* Exercise goal: If a line in the records below contains the word "Friends", copy it.

(Collected data entries)
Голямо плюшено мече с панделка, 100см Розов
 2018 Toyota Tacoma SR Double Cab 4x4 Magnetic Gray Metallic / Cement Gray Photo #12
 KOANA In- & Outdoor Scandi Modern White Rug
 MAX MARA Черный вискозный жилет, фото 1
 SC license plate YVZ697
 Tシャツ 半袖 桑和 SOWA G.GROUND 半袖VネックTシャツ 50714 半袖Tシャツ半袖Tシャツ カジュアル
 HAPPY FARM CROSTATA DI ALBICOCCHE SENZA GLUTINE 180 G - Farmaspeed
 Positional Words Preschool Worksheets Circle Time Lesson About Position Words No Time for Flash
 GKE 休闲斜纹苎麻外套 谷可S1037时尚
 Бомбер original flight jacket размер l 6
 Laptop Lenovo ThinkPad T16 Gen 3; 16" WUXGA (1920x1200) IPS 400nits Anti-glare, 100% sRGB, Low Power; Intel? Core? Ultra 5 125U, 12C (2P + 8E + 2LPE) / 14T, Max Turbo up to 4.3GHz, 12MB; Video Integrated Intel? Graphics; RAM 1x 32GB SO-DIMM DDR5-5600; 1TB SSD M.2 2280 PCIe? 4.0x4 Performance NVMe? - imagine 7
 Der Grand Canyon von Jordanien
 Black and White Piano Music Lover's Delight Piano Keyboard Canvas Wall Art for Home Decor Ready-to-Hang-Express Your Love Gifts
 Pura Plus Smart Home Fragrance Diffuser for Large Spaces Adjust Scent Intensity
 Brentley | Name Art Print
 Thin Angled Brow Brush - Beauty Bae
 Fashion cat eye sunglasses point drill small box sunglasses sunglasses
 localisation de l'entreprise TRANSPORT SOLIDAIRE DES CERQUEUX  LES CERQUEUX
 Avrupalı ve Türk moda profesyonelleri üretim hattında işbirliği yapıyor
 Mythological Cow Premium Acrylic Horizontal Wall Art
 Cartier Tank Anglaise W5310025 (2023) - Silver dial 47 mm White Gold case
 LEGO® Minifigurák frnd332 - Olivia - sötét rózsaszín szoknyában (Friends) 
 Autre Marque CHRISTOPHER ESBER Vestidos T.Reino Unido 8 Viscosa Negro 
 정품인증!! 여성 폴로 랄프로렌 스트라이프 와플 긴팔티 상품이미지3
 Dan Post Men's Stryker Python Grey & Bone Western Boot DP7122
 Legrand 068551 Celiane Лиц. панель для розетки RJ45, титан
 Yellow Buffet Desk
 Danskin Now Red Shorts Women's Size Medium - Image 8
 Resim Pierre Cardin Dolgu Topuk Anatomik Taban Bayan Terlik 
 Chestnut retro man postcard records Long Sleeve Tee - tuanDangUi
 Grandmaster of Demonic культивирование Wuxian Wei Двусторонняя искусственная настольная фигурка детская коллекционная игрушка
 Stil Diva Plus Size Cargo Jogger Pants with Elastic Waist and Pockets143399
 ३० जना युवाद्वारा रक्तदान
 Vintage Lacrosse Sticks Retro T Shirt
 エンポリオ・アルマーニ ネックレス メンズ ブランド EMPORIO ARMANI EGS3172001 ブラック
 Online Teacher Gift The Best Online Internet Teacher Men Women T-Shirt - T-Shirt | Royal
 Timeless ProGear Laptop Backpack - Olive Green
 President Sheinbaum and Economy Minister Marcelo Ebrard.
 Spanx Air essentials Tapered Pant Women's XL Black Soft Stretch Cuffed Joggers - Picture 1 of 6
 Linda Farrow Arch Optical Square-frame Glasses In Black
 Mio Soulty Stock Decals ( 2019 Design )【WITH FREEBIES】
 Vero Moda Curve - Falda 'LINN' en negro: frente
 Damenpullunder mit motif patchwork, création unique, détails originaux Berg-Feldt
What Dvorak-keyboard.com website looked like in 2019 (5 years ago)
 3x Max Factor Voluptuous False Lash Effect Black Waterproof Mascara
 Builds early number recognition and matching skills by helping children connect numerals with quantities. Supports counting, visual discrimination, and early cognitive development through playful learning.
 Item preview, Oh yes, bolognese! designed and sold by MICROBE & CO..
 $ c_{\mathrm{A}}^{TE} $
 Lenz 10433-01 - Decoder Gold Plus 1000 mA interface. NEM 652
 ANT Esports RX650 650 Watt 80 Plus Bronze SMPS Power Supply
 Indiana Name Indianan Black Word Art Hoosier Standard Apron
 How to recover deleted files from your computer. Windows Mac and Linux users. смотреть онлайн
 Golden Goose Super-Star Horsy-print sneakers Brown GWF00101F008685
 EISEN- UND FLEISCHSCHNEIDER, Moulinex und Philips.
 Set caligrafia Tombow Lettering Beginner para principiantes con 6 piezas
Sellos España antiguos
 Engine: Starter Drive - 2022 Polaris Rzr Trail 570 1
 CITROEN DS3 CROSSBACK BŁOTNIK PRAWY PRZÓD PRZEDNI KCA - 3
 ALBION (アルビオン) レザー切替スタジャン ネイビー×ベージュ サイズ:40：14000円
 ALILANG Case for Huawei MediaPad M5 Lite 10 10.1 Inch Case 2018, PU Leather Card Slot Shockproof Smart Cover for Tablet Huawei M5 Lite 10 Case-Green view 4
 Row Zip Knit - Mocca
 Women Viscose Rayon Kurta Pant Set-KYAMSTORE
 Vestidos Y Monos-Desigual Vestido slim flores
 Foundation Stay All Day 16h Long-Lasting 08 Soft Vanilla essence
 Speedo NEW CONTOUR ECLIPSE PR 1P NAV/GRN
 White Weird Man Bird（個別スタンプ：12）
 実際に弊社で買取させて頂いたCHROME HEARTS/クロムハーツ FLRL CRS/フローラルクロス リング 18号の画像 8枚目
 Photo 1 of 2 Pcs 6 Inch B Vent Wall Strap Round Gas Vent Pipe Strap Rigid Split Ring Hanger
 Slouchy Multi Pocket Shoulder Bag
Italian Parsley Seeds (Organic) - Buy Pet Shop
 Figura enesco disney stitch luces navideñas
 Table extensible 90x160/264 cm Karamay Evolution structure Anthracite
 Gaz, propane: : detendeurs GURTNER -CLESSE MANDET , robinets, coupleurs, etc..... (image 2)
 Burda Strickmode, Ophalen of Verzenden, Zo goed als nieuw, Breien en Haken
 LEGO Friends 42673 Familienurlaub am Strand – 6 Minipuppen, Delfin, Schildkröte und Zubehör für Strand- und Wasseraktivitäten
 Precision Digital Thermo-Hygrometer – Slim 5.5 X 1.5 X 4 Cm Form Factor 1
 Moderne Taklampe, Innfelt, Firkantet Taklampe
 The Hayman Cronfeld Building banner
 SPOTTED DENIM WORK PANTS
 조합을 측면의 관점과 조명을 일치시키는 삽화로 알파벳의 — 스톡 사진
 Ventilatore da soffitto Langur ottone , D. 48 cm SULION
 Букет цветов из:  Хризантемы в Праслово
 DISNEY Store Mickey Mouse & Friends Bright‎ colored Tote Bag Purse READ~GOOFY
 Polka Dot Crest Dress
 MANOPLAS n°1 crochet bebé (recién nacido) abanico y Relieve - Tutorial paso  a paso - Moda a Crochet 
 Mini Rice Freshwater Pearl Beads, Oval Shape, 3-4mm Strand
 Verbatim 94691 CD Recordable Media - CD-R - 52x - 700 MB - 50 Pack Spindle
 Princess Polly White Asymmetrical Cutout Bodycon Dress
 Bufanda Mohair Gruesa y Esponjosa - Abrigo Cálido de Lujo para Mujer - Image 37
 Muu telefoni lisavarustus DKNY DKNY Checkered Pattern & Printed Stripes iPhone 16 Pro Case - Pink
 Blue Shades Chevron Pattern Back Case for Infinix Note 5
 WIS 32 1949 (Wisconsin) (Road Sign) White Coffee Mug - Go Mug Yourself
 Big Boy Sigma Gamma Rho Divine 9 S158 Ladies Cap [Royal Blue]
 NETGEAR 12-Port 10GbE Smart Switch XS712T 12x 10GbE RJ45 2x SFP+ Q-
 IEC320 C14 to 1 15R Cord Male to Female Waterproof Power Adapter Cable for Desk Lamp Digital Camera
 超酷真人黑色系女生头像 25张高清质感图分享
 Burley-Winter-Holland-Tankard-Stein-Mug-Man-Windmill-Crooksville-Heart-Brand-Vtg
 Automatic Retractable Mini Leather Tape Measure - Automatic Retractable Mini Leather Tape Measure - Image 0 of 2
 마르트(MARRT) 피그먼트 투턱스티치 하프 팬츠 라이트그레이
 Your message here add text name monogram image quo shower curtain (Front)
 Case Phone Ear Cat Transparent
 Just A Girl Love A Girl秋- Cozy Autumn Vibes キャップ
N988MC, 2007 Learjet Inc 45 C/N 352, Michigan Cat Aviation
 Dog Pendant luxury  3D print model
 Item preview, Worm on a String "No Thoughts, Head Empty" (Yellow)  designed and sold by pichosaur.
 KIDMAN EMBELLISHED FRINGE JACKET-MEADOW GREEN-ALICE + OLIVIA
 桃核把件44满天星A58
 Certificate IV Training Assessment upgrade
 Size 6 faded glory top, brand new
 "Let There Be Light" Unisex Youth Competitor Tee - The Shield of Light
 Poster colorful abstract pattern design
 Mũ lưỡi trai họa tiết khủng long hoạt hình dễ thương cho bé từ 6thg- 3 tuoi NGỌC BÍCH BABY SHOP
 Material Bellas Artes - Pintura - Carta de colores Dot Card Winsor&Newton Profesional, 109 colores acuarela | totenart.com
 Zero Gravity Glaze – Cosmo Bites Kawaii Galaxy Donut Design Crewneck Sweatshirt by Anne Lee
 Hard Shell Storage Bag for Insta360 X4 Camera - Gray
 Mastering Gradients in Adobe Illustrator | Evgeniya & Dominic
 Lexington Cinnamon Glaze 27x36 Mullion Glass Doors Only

* Exercise answer:
 LEGO® Minifigurák frnd332 - Olivia - sötét rózsaszín szoknyában (Friends) 
 LEGO Friends 42673 Familienurlaub am Strand – 6 Minipuppen, Delfin, Schildkröte und Zubehör für Strand- und Wasseraktivitäten
 DISNEY Store Mickey Mouse & Friends Bright‎ colored Tote Bag Purse READ~GOOFY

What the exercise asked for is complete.